**DATA FOR PROCESSING:**
======

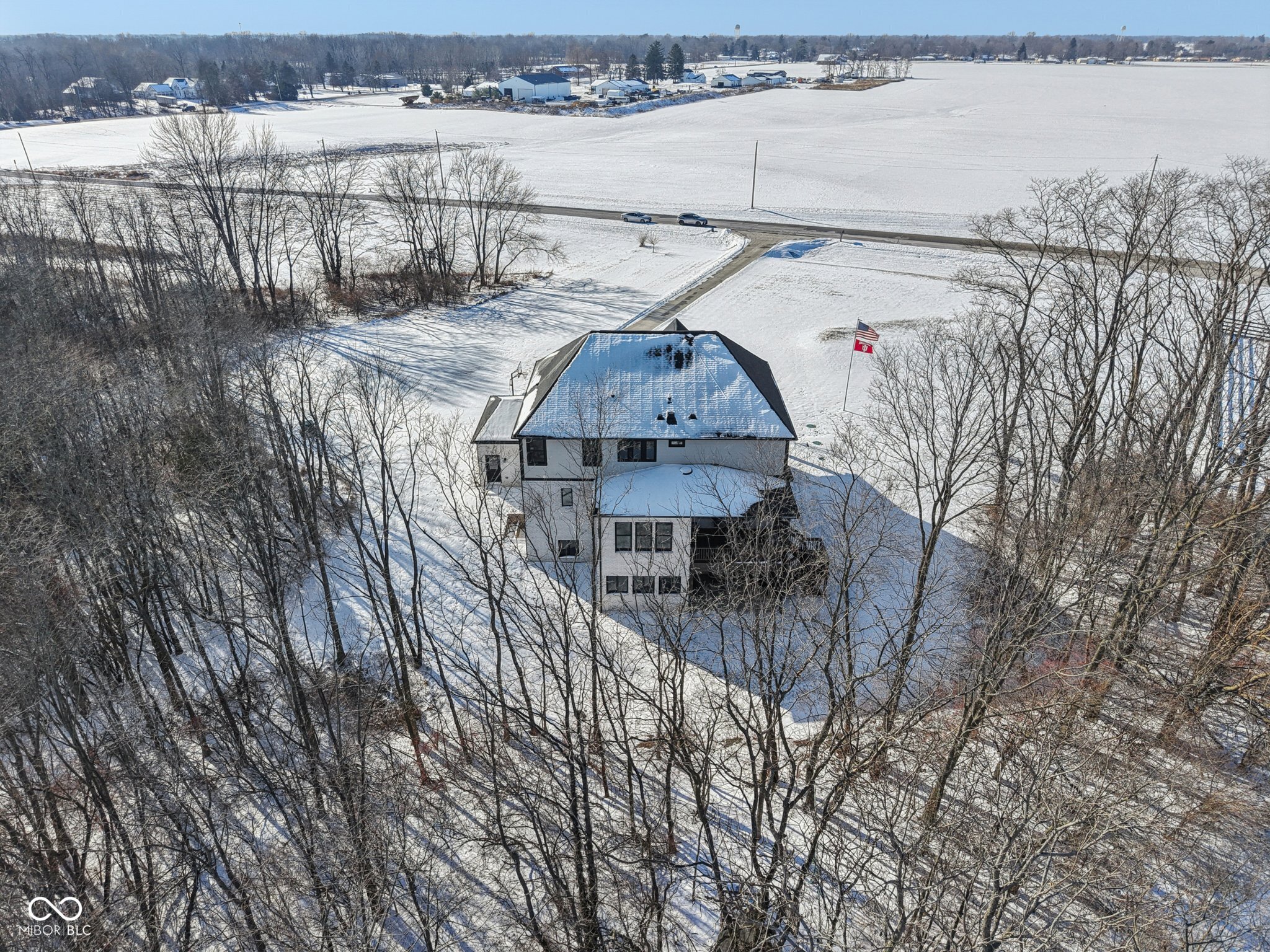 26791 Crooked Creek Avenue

======

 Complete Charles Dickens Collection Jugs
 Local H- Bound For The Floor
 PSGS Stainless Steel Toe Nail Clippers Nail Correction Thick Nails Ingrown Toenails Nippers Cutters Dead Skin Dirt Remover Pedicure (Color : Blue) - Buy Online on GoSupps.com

======

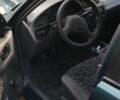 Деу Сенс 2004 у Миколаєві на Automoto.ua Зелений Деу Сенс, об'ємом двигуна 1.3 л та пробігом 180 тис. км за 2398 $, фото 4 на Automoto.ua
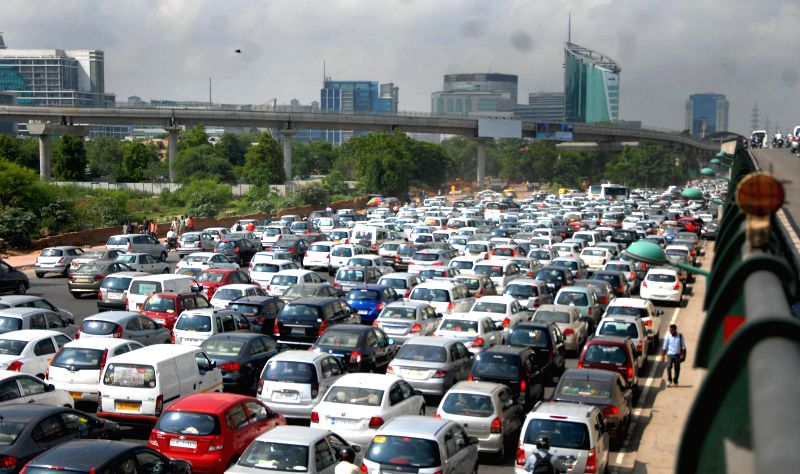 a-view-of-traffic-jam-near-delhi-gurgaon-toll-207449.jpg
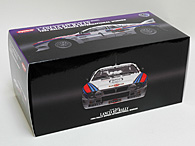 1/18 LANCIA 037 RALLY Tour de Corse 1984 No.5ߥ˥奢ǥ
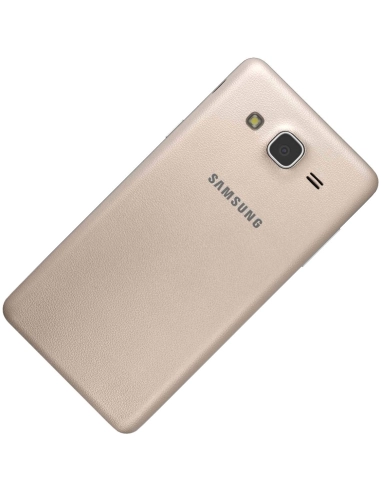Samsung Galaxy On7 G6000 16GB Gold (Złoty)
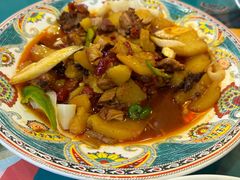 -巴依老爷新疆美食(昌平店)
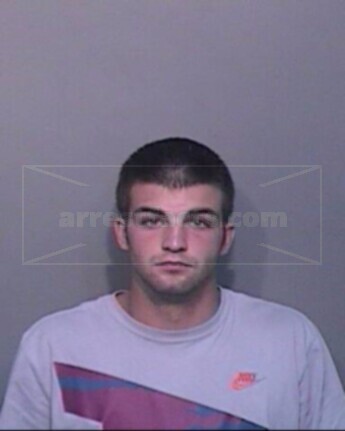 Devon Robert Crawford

======

**GOAL OF THE EXERCISE:** Output exactly the lines above, from the line with "Деу Сенс 2004" to the line with "Devon Robert Crawford", both included; skip the pictures.

**ANSWER TO THE PROBLEM:**
 Деу Сенс 2004 у Миколаєві на Automoto.ua Зелений Деу Сенс, об'ємом двигуна 1.3 л та пробігом 180 тис. км за 2398 $, фото 4 на Automoto.ua
 a-view-of-traffic-jam-near-delhi-gurgaon-toll-207449.jpg
 1/18 LANCIA 037 RALLY Tour de Corse 1984 No.5ߥ˥奢ǥ
Samsung Galaxy On7 G6000 16GB Gold (Złoty)
 -巴依老爷新疆美食(昌平店)
 Devon Robert Crawford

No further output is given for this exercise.